9. Tant ces stipulations que le principe de territorialité de l'impôt mentionné au I de l'article 209 du code général des impôts faisaient donc obstacle à ce que la société SPIE Batignolles génie civil puisse déduire de son bénéfice imposable en France les pertes d'exploitation subies par sa succursale luxembourgeoise, alors que si la succursale avait été établie en France, une telle imputation aurait toujours été possible ainsi que, le cas échéant, la prise en compte de tout ou partie de ces pertes pour la détermination du résultat d'ensemble du groupe fiscal auquel cette société appartient, dans les conditions et limites prévues par les dispositions des articles 223 A et suivants du code général des impôts.

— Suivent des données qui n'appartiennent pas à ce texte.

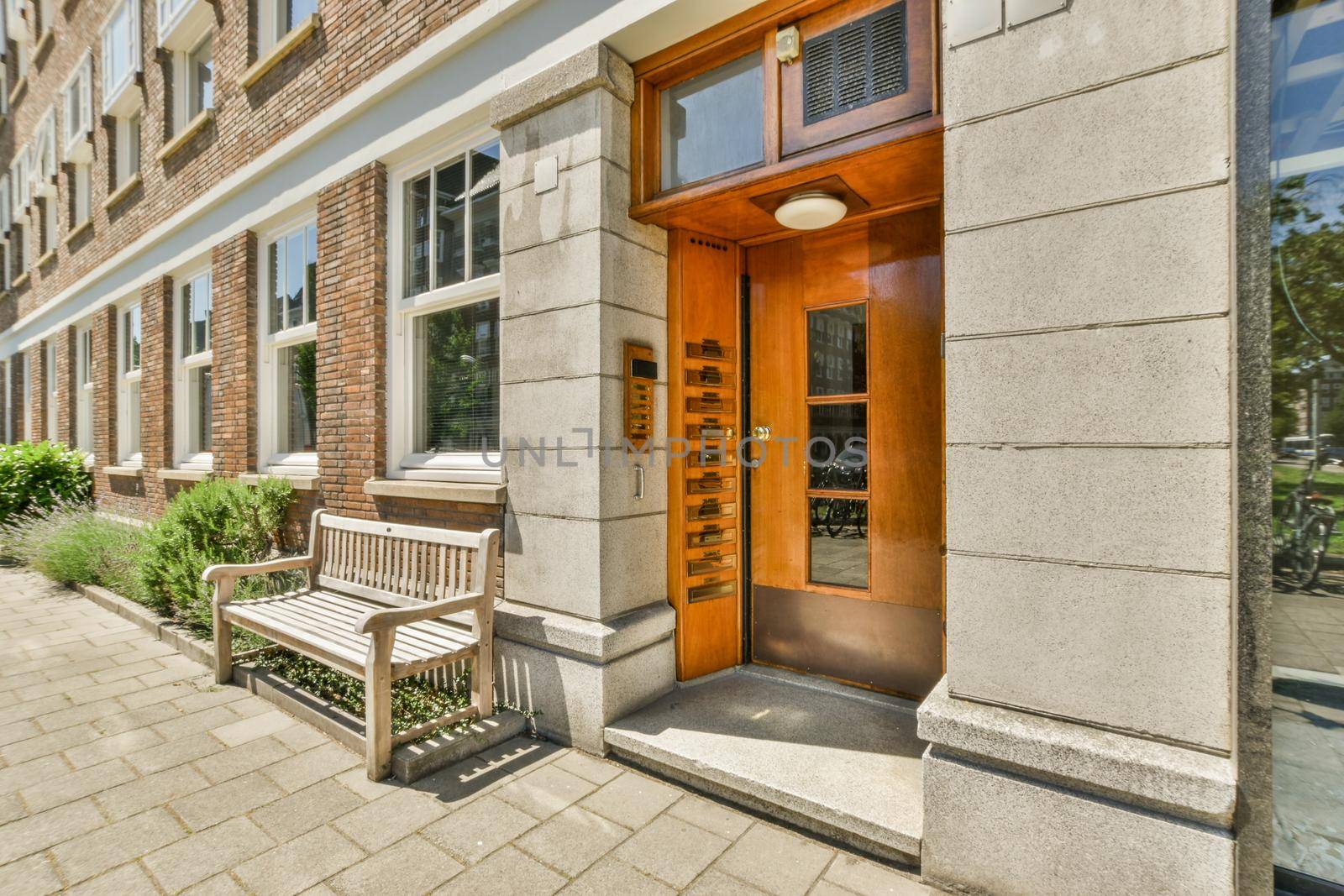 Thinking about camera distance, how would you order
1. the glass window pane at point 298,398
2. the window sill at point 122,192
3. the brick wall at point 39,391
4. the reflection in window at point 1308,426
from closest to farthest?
the reflection in window at point 1308,426
the glass window pane at point 298,398
the window sill at point 122,192
the brick wall at point 39,391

10. Une telle différence de traitement ne saurait toutefois, ainsi qu'il résulte d'une jurisprudence constante de la Cour de justice de l'Union européenne, constituer une atteinte à la liberté d'établissement, pour la société privée de la possibilité de prise en compte des pertes réalisées par son établissement stable non-résident pour la détermination de son résultat imposable, si elle ne se trouve pas, à l'égard des mesures prévues par la France afin de prévenir ou d'atténuer la double imposition des bénéfices d'une société résidente et, symétriquement, la double prise en compte de ses pertes, dans une situation objectivement comparable à celle d'une société détenant une succursale implantée en France. A cet égard, la Cour de justice de l'Union européenne a jugé, notamment dans son arrêt A/S Bevola, Jens W. Trock ApS contre Skatteministeriet cité au point 4, qu'en principe, la situation d'un établissement stable non-résident et celle d'une succursale résidente ne sont pas comparables au regard d'un tel objectif, à moins que la législation fiscale nationale n'ait elle-même assimilé ces deux catégories d'établissement aux fins de la prise en compte des pertes et des bénéfices réalisés par eux.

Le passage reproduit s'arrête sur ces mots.